Voltando aO Estado do Maranhão: a Coluna do Sarney (link para assinantes do jornal, com senha) sobre os 43 anos da ponte do São Francisco é uma imodesta aberração em que ele se põe, por conta da efeméride, a evocar bravatas do tempo em que era governador. Mas Sarney sempre escreveu com o ego, e tão mal, que se seu artigo não fosse, cúmulo da egolatria, publicado na capa do jornal, muita gente sequer o leria ou saberia que existe.

O dono da UFMA

POR FLÁVIO REIS*

Tempos sombrios marcam a universidade brasileira, não obstante toda a propaganda governamental (e das próprias instituições) falando maciçamente em expansão, melhoria de infraestrutura, inclusão, participação e comprometimento com a sociedade. Na UFMA, o reitor Natalino Salgado segue a escalada autoritária que foi a marca real de sua administração desde o primeiro mandato. Pouco afeito à contradição e ao debate, é um homem do espetáculo, preocupado acima de tudo com a projeção da imagem, para quem os estatutos da universidade estão sempre abaixo de sua vontade. O recente caso da exoneração do professor Ayala Gurgel deve ser analisado num quadro maior de desmandos e caprichos de um reitor que reedita em várias questões as posições de um símbolo do autoritarismo na UFMA, José Maria Cabral Marques, a quem nos referíamos no início da década de 80 como o “Reitô”.

Vindo de uma gestão de dez anos à frente do Hospital Universitário, um tempo total ilegal se observados os estatutos, iniciou seu reitorado convocando a polícia militar para garantir a votação da adesão ao REUNI pelo Conselho Universitário (CONSUN). A partir daí, o que se viu foi um processo de esvaziamento dos colegiados superiores (mesmo que lhe sejam sempre dóceis), a rotinização de decisões tomadas centralizadamente pela Pró-Reitoria de Ensino, um plano de reestruturação física levado a efeito de forma caótica, sem nenhuma preocupação em ouvir a comunidade universitária, contando hoje com uma série de esqueletos de prédios espalhados pelo campus (ops!, pela cidade universitária, como quer o Magnífico), uma expansão irresponsável de cursos e número de alunos, cujos problemas já se acumulam a olhos vistos e começam a vazar por todos os lados, aqui e nas unidades do interior (ops!, do continente). Emoldurando tudo, uma obsessão com o que chama de “imagem da universidade”, mas confunde cada vez mais com a sua imagem e da sua administração.

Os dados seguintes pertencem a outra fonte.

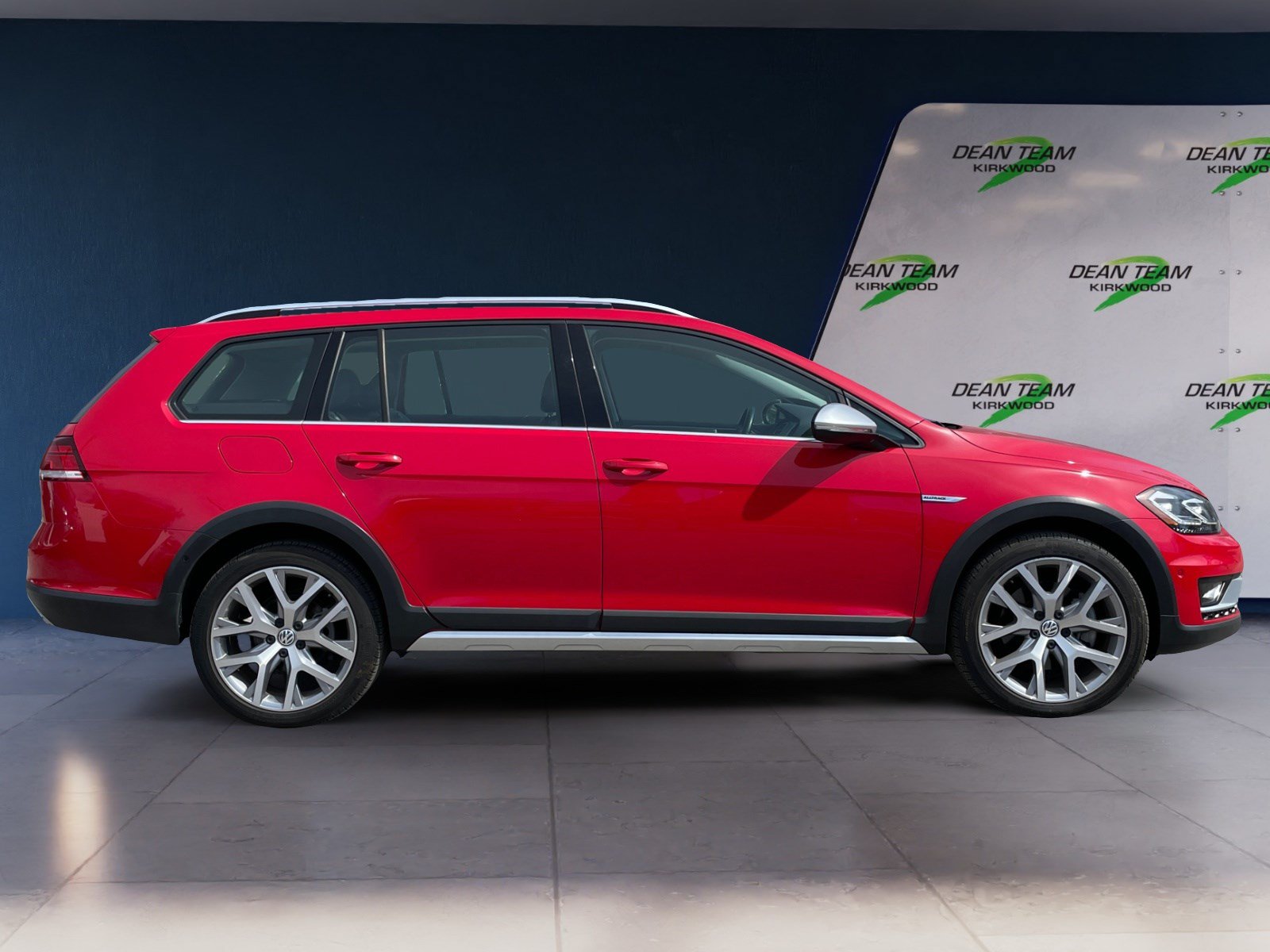 Used 2018 Volkswagen Golf Alltrack SEL AWD/4WD image 9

Neste período, para que ocorressem as eleições regulares para chefes de departamento e coordenadores de cursos foi preciso a APRUMA solicitar a intervenção do Ministério Público. Em contrapartida, a consulta eleitoral para reitor foi largamente manipulada, com exíguo tempo de campanha, inexistência de debates e utilização descarada da máquina universitária. Ao final, registrou-se o menor comparecimento percentual de todas as consultas. Uma abstenção gigante, solenemente ignorada pela ASCOM, cada vez mais transformada em assessoria de comunicação do reitor e não da universidade, que alardeou uma vitória esmagadora.

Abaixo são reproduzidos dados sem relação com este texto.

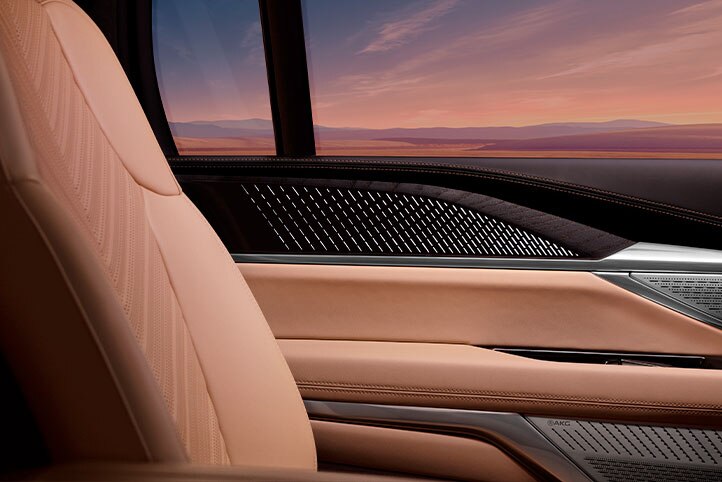 Puertas automáticas en tu nueva Cadillac Escalade 2025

Seguindo o script do “Reitô”, protagonizou uma intervenção na direção do Colégio Universitário em plena greve de professores no ano passado, desencadeando-se, com a nova diretoria, perseguição ao professor Bartolomeu Mendonça, da área de sociologia e integrante da atual direção da APRUMA, cuja disciplina foi simplesmente cancelada da grade do 3º. ano. Na ocasião, em cena patética registrada no youtube, falou contra os “professores que reclamam, que não vestem a camisa da instituição” (leia-se da sua administração). Mais recentemente encaminhou a adesão do Hospital Universitário à Empresa Brasileira de Serviços Hospitalares sem discussão e sem consulta ao Conselho Universitário. O mesmo se deu com a assinatura da demissão do professor Gurgel, pois a reunião do CONSUN que confirmou a decisão foi efetuada por força judicial. Uma decisão que, de resto, já havia sido anunciada pelo próprio “Reitô” no início de tudo, antes de qualquer processo, ao convocar uma entrevista coletiva com a presença do núcleo da administração superior da universidade, todos no auditório central em autêntico espetáculo midiático, para dizer que ou o professor comprovava suas “denúncias” (uma afirmação feita numa conversa no twitter) ou seria exonerado.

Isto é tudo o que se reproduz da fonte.